WHAT IS REQUIRED |
Your answer should consist only of the lines below from the one with "vidaXL Cama De" through the one with "Seattle Seahawks Team", copied exactly.

TASK INPUT |
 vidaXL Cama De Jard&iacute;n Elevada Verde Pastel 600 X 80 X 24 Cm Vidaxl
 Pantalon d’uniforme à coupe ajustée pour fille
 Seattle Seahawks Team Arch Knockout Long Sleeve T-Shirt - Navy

* * *

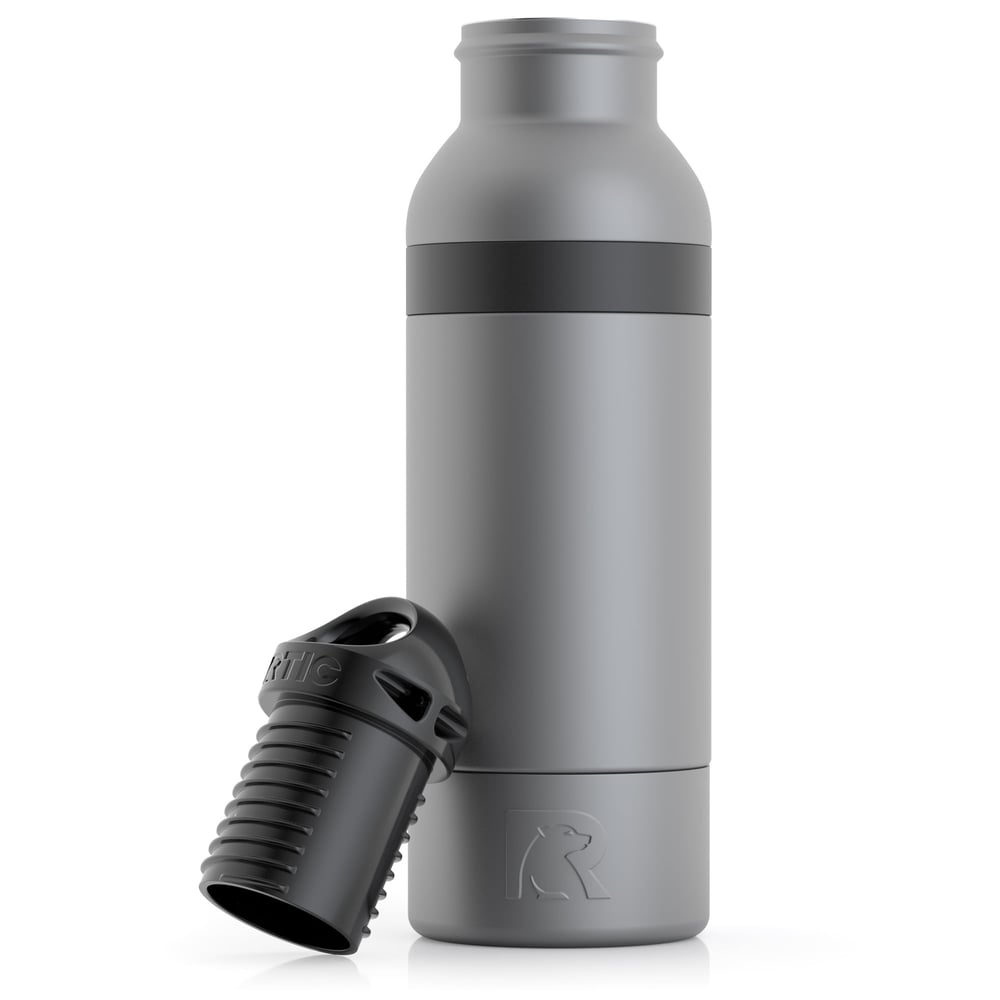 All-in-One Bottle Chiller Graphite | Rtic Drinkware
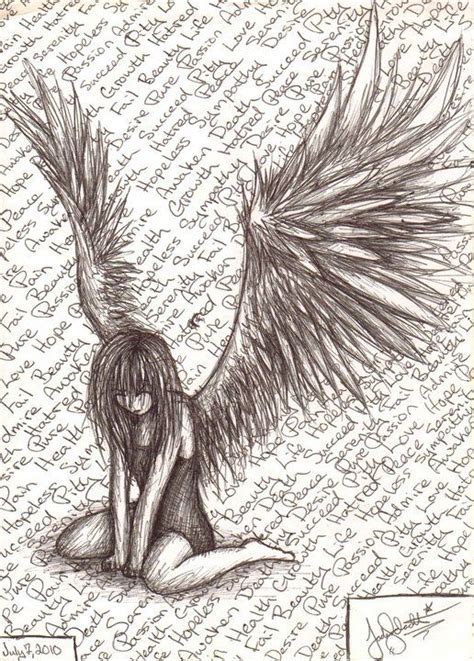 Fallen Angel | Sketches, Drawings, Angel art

THE ANSWER |
 vidaXL Cama De Jard&iacute;n Elevada Verde Pastel 600 X 80 X 24 Cm Vidaxl
 Pantalon d’uniforme à coupe ajustée pour fille
 Seattle Seahawks Team Arch Knockout Long Sleeve T-Shirt - Navy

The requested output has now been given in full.